Miners transfer work back and forth to a server.

Banking trojans

In order for a banking trojan to operate, it has to monitor web traffic on a compromised computer. To do that, some banking trojans siphon web traffic through a malicious proxy or exfiltrate data to a C2 server.

To keep this traffic from being discovered, some banking trojans have taken to encrypting this traffic. For instance, the banking trojan IcedID uses SSL/TLS to send stolen data. Another banking trojan called Vawtrak masks its POST data traffic by using a special encoding scheme that makes it harder to decrypt and identify.

Banking trojans encrypt the data they’re exfiltrating.

 

Ransomware

The best-known use of encryption in ransomware is obviously when it takes personal files hostage by encrypting them. However, ransomware threats often use encryption in their network communication as well. In particular, some ransomware families encrypt the distribution of decryption keys.

How to spot malicious encrypted traffic

One way to catch malicious encrypted traffic is through a technique called traffic fingerprinting. To leverage this technique, monitor the encrypted packets traveling across your network and look for patterns that match known malicious activity. For instance, the connection to a well-known C2 server can have a distinct pattern, or fingerprint. The same applies to cryptomining traffic or well-known banking trojans.

However, this doesn’t catch all malicious encrypted traffic, since bad actors can simply insert random or dummy packets into their traffic to mask the expected fingerprint. To identify malicious traffic in these cases, other detection techniques are required to identify the traffic, such as machine learning algorithms that can identify more complicated malicious connections. Threats may still manage to evade some machine learning detection methods, so implementing a layered approach, covering a wide variety of techniques, is recommended.

In addition, consider the following:

  • Stealthwatch includes Encrypted Traffic Analytics.

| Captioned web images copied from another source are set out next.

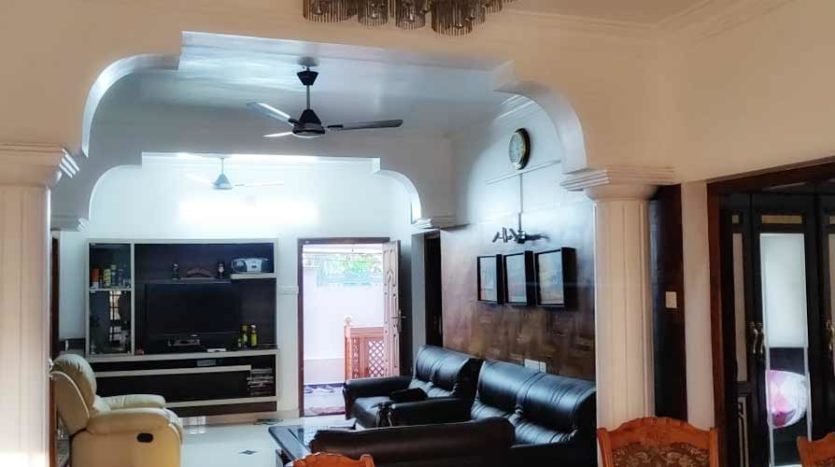 Double storey Luxury House for sale at Manacaud, Trivandrum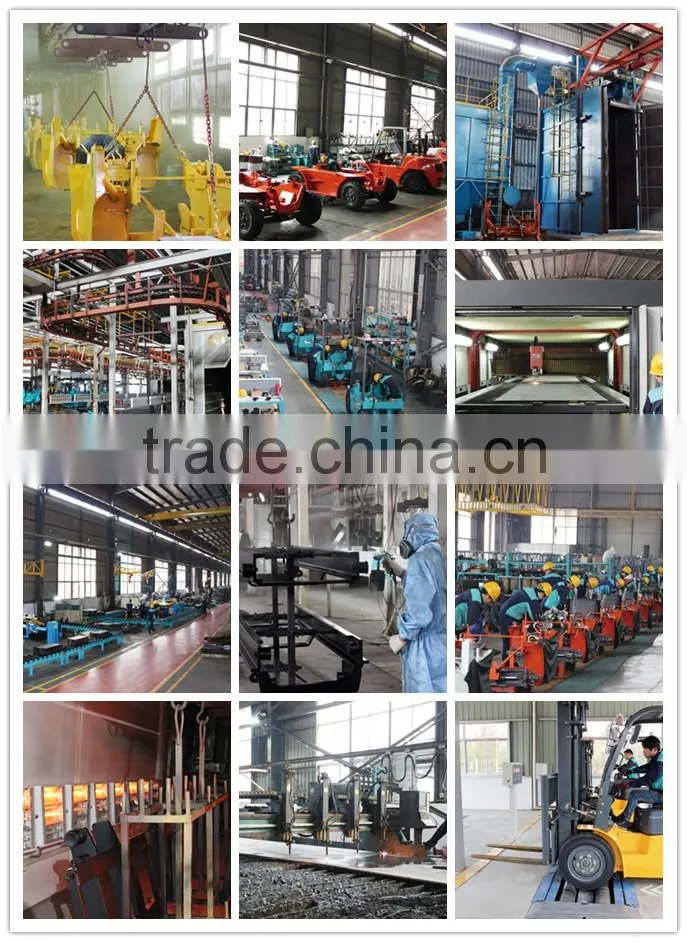 general industrial equipment hot sale new small lift 1.8t gasoline forklift truck price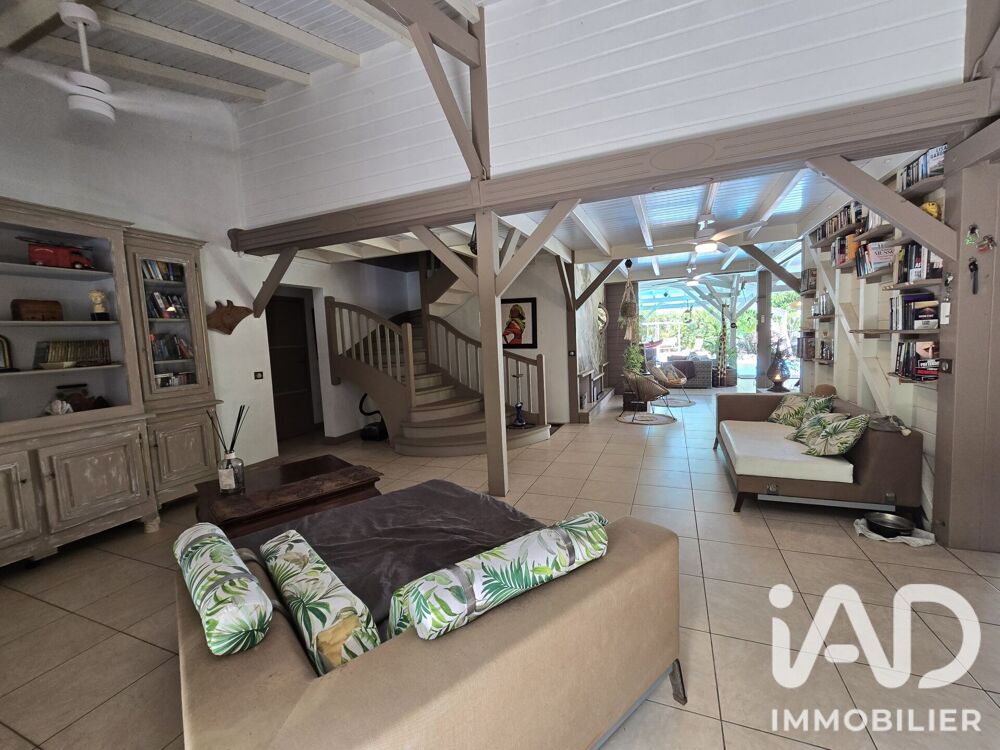 Vente Maison Vente Maison/villa 7 pièces St françois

This technology collects network traffic and uses machine learning and behavioral modeling to detect a wide range of malicious encrypted traffic, without any decryption.
  • The DNS protection technologies included in Cisco Umbrella can prevent connections to malicious domains, stopping threats before they’re even able to establish an encrypted connection.
  • An effective endpoint protection solution, such as AMP for Endpoints, can also go a long way towards stopping a threat before it starts.